Why is a website trying to add functionality to a browser, in the first place,
and why is it overriding the way my browser already provides this function? It
doesn't do it as well, and it makes it worse still because the behaviour is
non-standard and unfamiliar.

Does Safari show this warning on leaving the page as well as refreshing it? I don't believe that the difference between reloading and leaving, or the fact that the browser does its own dialog thingy, is detectable by JavaScript.

michael wrote:

(In reply to comment #5)

Only the middle paragraph is provided by MediaWiki. Everything else is done by
your browser through the onbeforeunload event.

Does Safari show this warning on leaving the page as well as refreshing it? I
don't believe that the difference between reloading and leaving, or the fact
that the browser does its own dialog thingy, is detectable by JavaScript.

Yes, I realize that these limitations apply to using HTML+CSS+Javascript to improve on web browsers' native functionality.

So we may have to resort to browser sniffing to try restrict this added feature to situations where it's not already present. Certainly we should stop trying to override Safari's native capability.

Should a website be trying to modify a browser's standard behaviour at all? If your browser lacks text-editing safeguards, then switch to a better browser or build an extension to improve it.
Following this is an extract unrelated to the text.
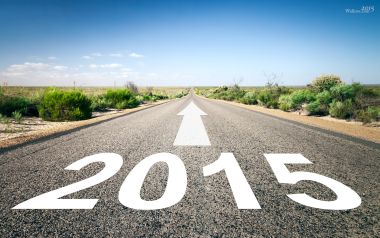 2015年新年希望之路：沙漠公路上的白色箭头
But WikiMedia shouldn't be adding “new features” that hamper the way my chosen browser already works.

EN.WP.ST47 wrote:

Changing platform to All/All and web browser to Apple Safari, fixes that have been suggested include disabling the warnings for Safari only or for all browsers, but since most discussion has been around Safari I'll leave it at that.

iano wrote:

(In reply to comment #2)

FYI, this problem with keyboard shortcuts for "Previous Page" on Safari (now 5.1.7) remained a problem on en.wikipedia.org until sometime within the last few weeks. Now it works as expected! Was there an update to Wikipedia's MediaWiki or the Vector scripts within that timeframe?

That means that the bug described in this report does not appear anymore?

iano wrote:

Ugh, the bug is still there. In my flailing around a year ago, I finally got the bug to go away by checking Preferences > Search > Display Options > Disable search suggestions. I forgot that that setting had changed when I made my last comment.

When I uncheck that setting (i.e. reset to default prefs), I still get the behavior as described before. I am now on OS X 10.7.5, Safari 6.0.5, still using the Vector skin, tested on en.wikipedia.org. Also, get same behavior whether or not "Enable simplified search bar" is enabled. To be explicit, all testing has been done with default prefs if not otherwise indicated.